### Directions for this task
Below is some data. Retype exactly the lines starting at the one with "Jackson brilla lanzando, Henry" and ending at the one with "8 Seater Private Cabin".

### Recorded data
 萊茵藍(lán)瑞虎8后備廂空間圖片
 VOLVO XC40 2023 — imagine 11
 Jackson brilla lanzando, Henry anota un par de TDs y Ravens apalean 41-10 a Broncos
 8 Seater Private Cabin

* * *

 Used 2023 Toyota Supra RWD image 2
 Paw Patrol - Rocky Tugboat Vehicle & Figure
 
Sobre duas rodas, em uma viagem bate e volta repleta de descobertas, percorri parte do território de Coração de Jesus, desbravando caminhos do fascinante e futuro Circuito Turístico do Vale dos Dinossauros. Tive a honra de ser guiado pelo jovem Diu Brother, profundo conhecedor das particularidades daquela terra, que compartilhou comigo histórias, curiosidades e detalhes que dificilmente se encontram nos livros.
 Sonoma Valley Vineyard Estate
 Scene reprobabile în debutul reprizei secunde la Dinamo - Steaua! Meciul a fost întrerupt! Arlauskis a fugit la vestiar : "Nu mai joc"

==

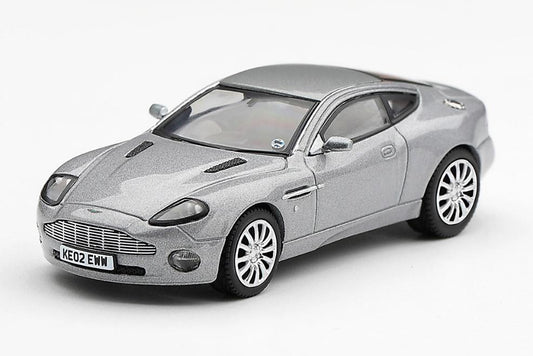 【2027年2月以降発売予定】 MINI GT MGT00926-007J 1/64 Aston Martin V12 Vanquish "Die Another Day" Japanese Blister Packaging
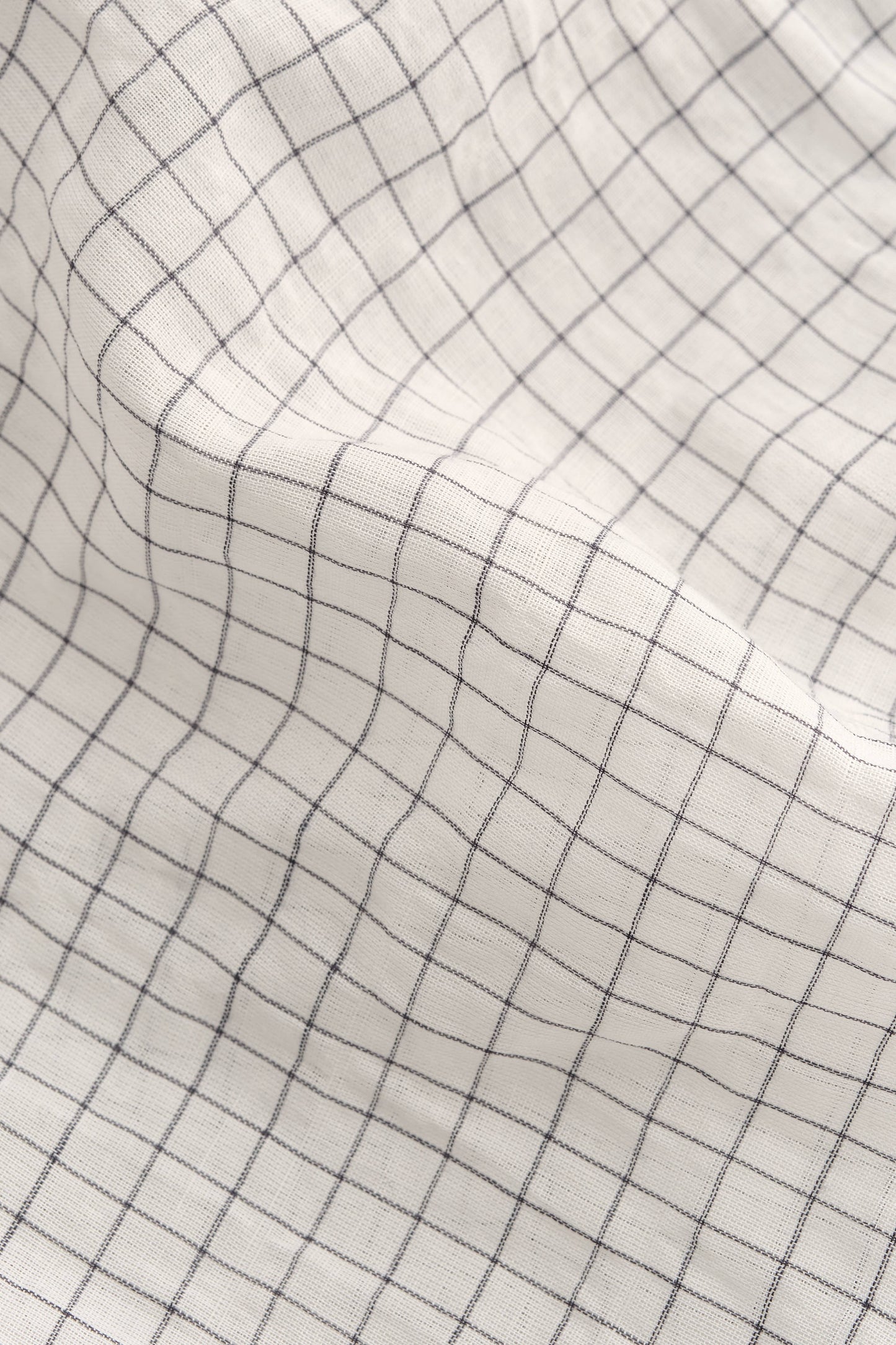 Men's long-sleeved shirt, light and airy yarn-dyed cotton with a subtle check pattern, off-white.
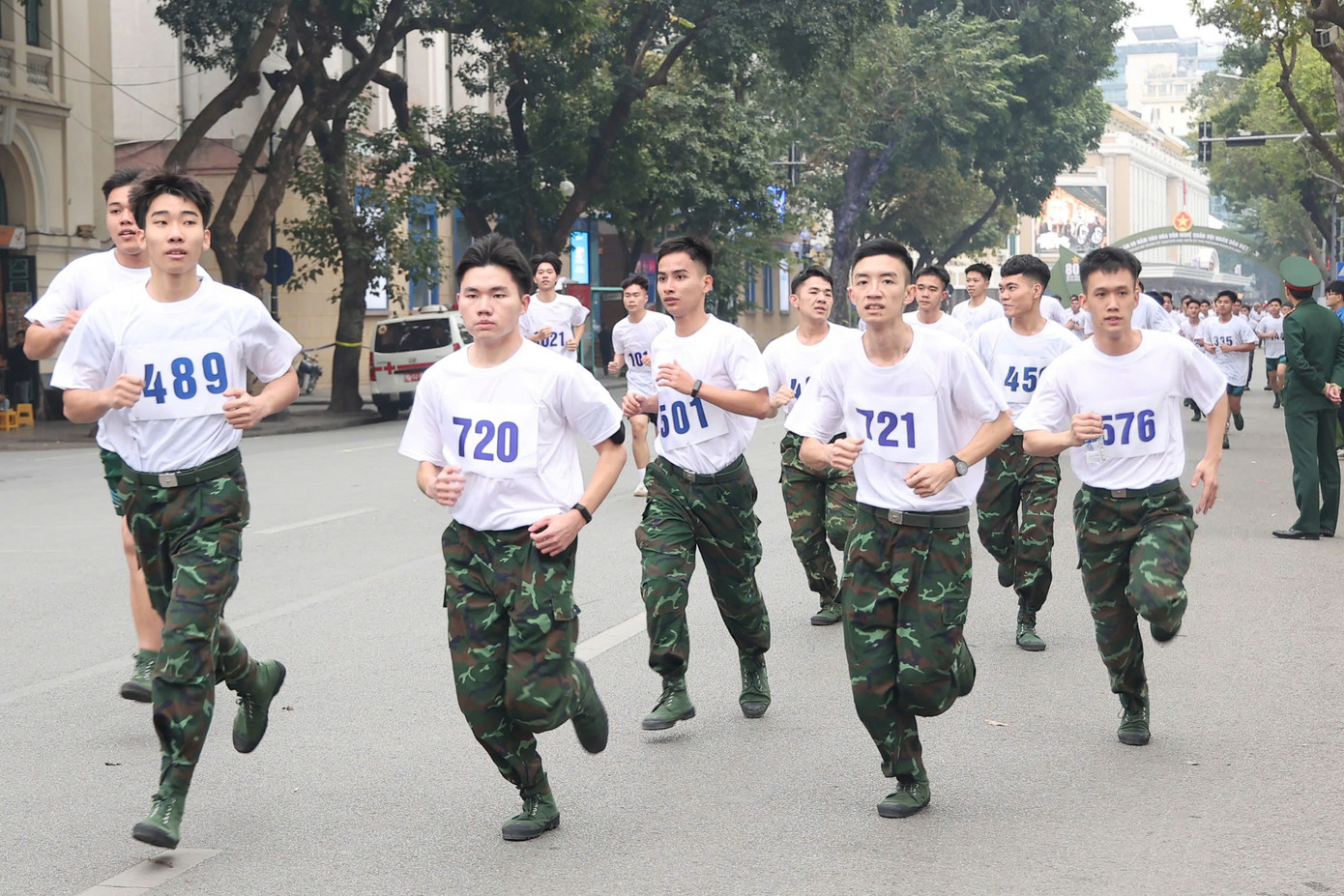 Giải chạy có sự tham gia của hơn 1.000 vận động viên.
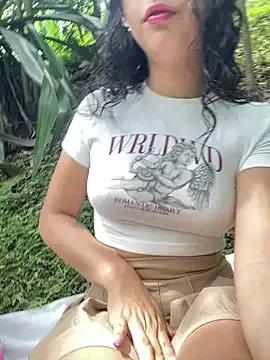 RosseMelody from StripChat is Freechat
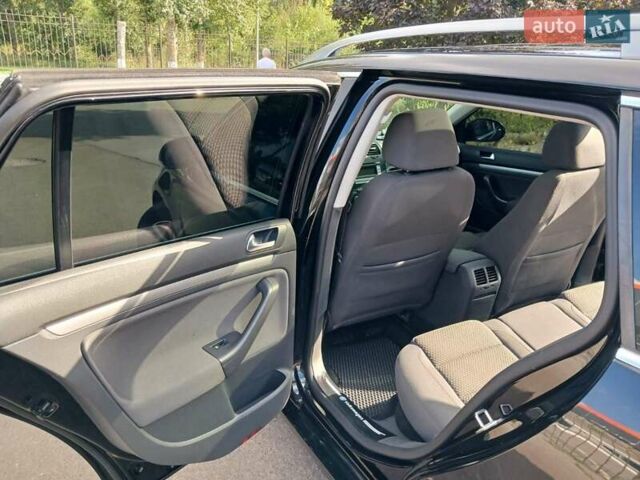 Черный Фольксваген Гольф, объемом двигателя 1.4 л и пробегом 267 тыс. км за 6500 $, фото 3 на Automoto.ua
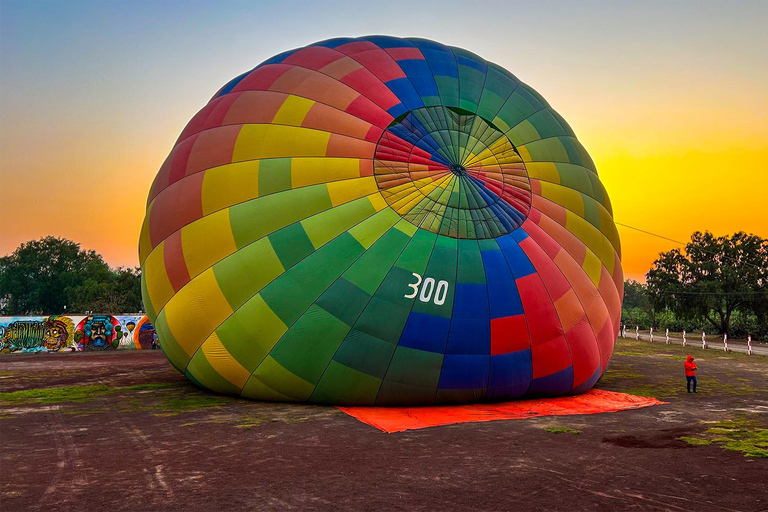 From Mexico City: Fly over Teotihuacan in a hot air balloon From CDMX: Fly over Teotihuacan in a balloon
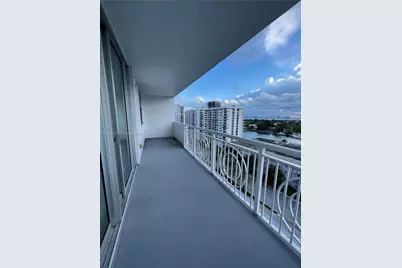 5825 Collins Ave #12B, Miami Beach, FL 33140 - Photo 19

### Problem solution
 Jackson brilla lanzando, Henry anota un par de TDs y Ravens apalean 41-10 a Broncos
 8 Seater Private Cabin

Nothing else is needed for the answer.